◆ The input:
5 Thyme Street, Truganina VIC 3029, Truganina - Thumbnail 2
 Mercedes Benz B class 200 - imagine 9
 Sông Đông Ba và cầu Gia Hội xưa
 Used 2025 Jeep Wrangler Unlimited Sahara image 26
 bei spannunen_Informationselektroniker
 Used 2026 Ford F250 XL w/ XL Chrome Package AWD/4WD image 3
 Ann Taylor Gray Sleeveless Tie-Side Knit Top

--

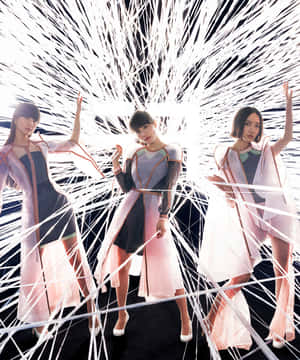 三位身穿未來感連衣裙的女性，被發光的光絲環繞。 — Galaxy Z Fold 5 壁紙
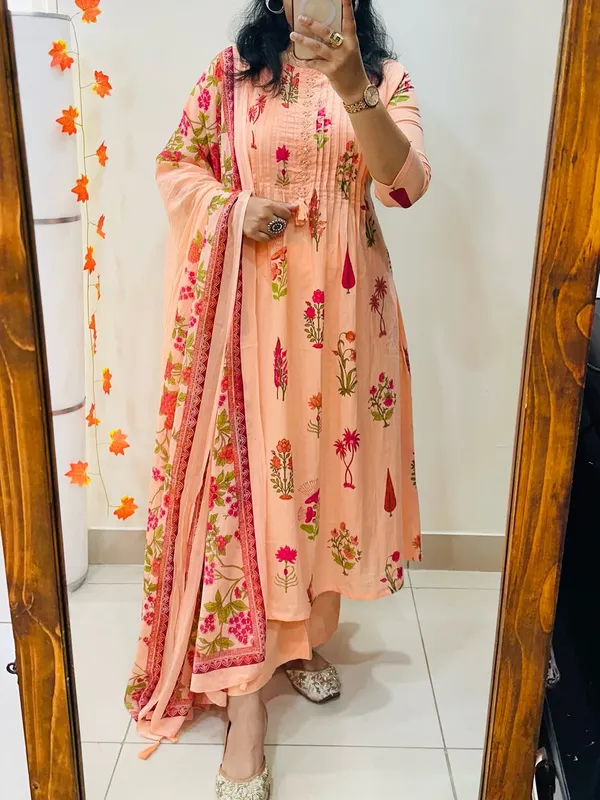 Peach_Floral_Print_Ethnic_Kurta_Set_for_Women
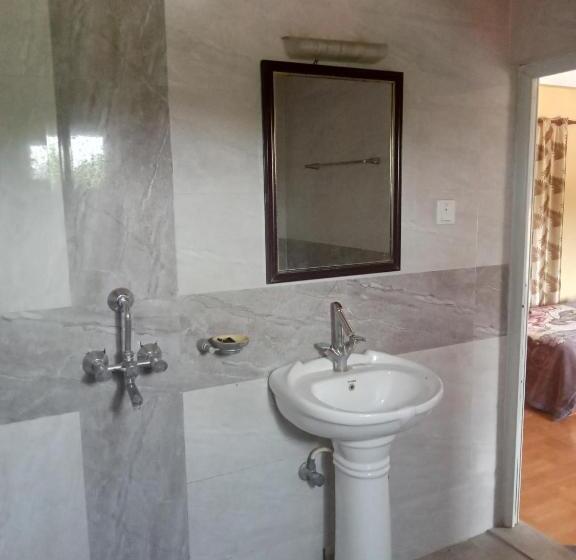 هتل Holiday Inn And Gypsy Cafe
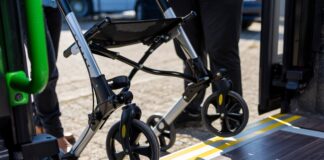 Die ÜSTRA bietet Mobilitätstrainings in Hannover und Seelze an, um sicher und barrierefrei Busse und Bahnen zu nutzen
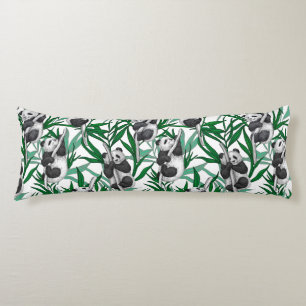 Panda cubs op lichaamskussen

◆ Work required: Taking the entries above, write out exactly the lines starting with the line containing "Sông Đông Ba và cầu Gia Hội xưa" and going on through the line containing "Ann Taylor Gray Sleeveless Tie-Side Knit Top", both included, and nothing else.

◆ Task answer:
 Sông Đông Ba và cầu Gia Hội xưa
 Used 2025 Jeep Wrangler Unlimited Sahara image 26
 bei spannunen_Informationselektroniker
 Used 2026 Ford F250 XL w/ XL Chrome Package AWD/4WD image 3
 Ann Taylor Gray Sleeveless Tie-Side Knit Top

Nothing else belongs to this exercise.